Problem requirements:
Word for word, restate the lines of the data below between those holding "HAYEK'IN LIBERALIZM ANLAYIŞI - ATILLA YAYLA" and "If There’S A", inclusive; pictures do not belong in the copy.

Information:
BEGIN

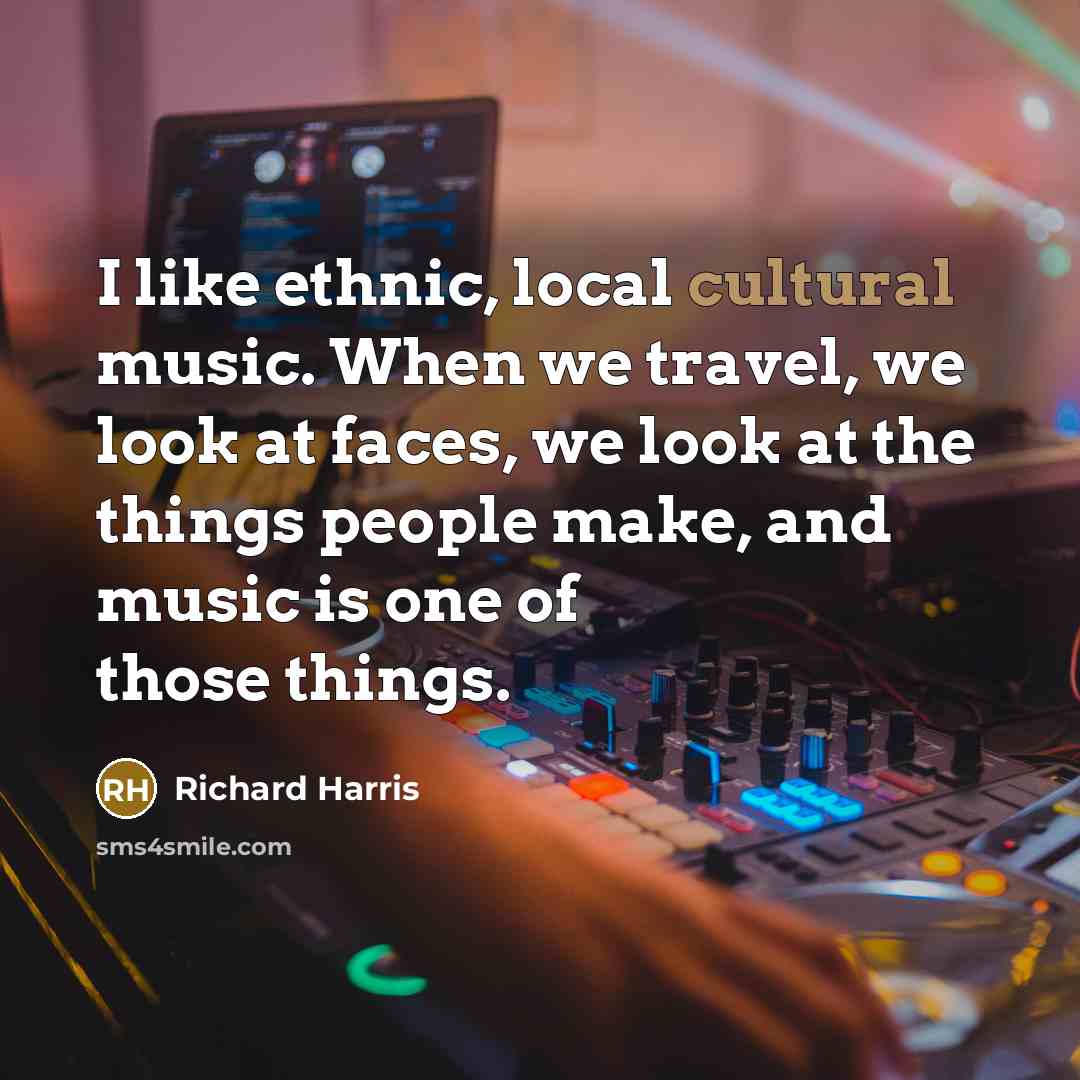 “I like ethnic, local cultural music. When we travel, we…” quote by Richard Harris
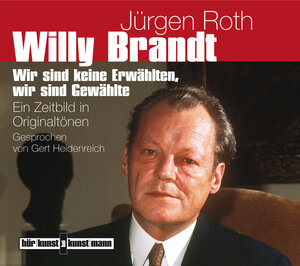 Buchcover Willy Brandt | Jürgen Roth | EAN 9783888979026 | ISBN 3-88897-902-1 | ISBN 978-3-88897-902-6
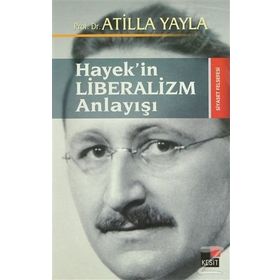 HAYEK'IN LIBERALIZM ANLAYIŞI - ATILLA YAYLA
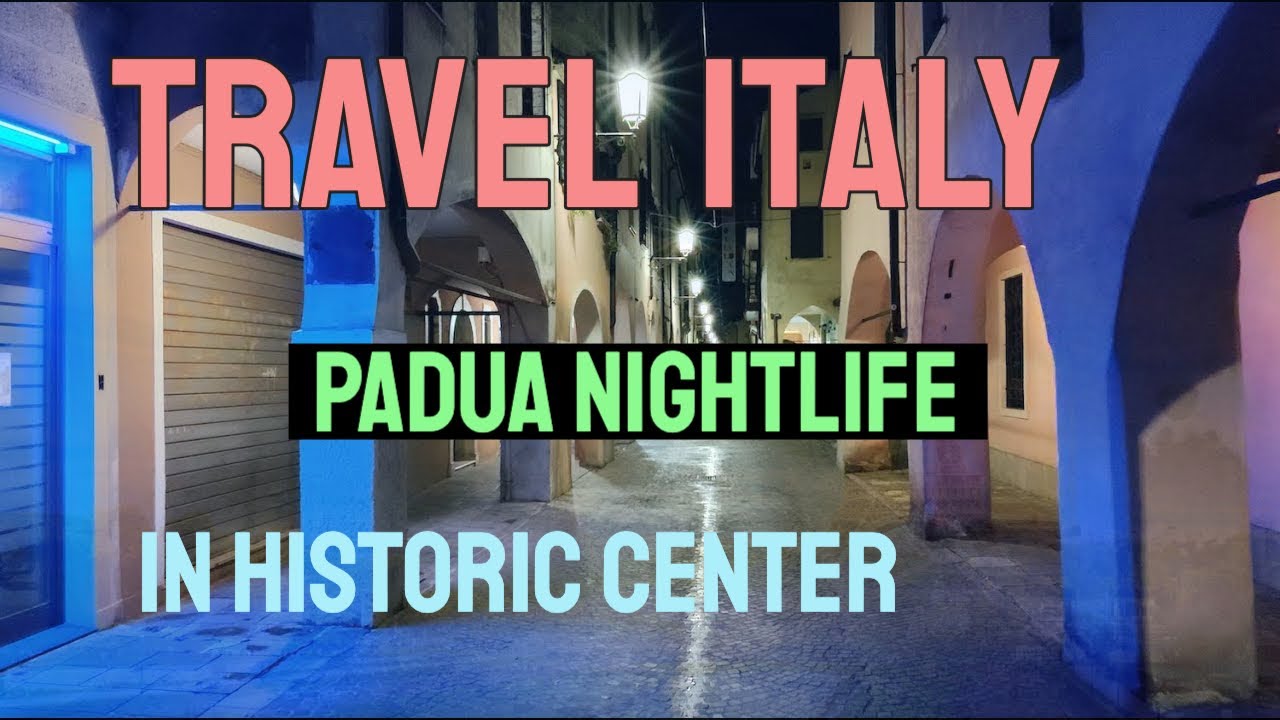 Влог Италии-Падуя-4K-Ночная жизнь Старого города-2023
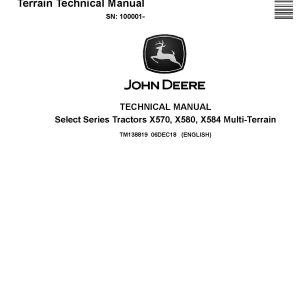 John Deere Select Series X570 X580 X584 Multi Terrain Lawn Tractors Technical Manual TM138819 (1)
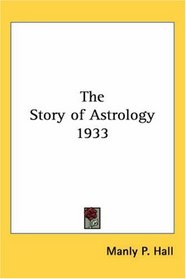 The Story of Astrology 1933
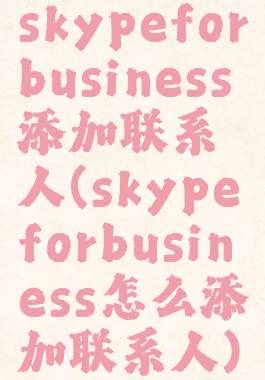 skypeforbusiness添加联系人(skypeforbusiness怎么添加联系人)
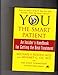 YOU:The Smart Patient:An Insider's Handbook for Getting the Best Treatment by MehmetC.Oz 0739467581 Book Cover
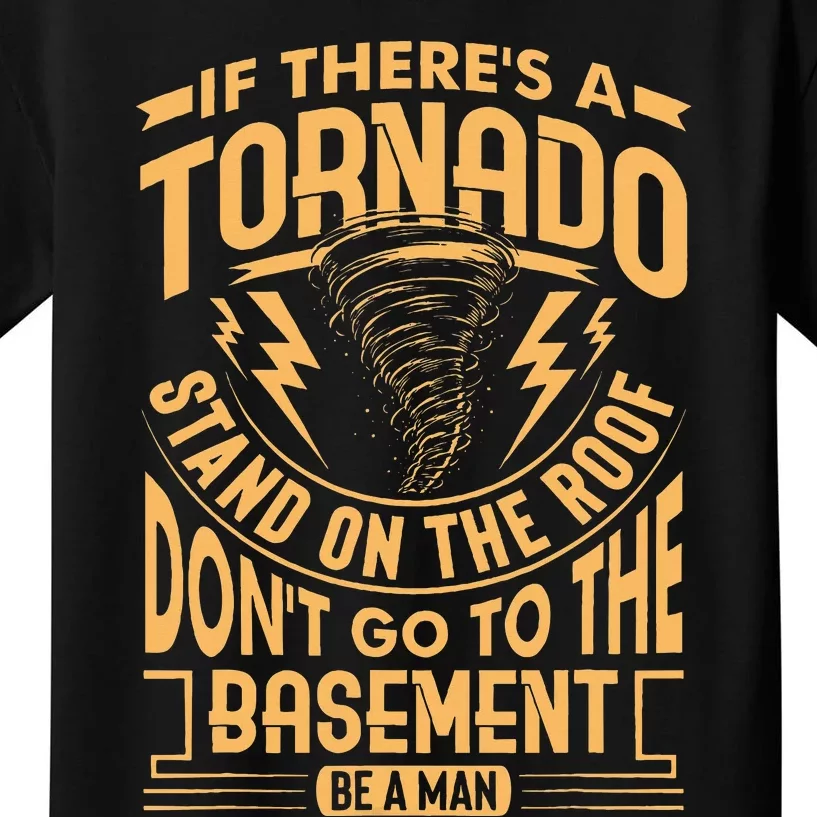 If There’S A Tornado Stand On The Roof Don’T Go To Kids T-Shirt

END
BEGIN

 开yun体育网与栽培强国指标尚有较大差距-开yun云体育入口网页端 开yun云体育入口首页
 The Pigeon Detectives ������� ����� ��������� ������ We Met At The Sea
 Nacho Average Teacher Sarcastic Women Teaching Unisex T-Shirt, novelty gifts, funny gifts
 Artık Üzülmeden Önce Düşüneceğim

END
BEGIN

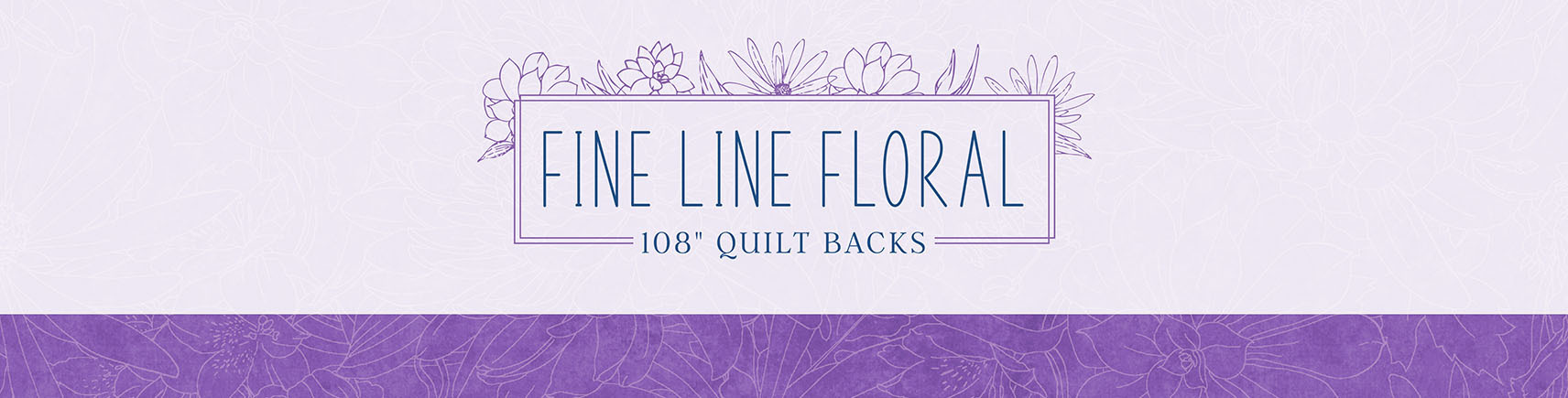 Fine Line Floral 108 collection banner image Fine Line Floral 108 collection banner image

END

Answer area:
 HAYEK'IN LIBERALIZM ANLAYIŞI - ATILLA YAYLA
 Влог Италии-Падуя-4K-Ночная жизнь Старого города-2023
 John Deere Select Series X570 X580 X584 Multi Terrain Lawn Tractors Technical Manual TM138819 (1)
 The Story of Astrology 1933
 skypeforbusiness添加联系人(skypeforbusiness怎么添加联系人)
 YOU:The Smart Patient:An Insider's Handbook for Getting the Best Treatment by MehmetC.Oz 0739467581 Book Cover
 If There’S A Tornado Stand On The Roof Don’T Go To Kids T-Shirt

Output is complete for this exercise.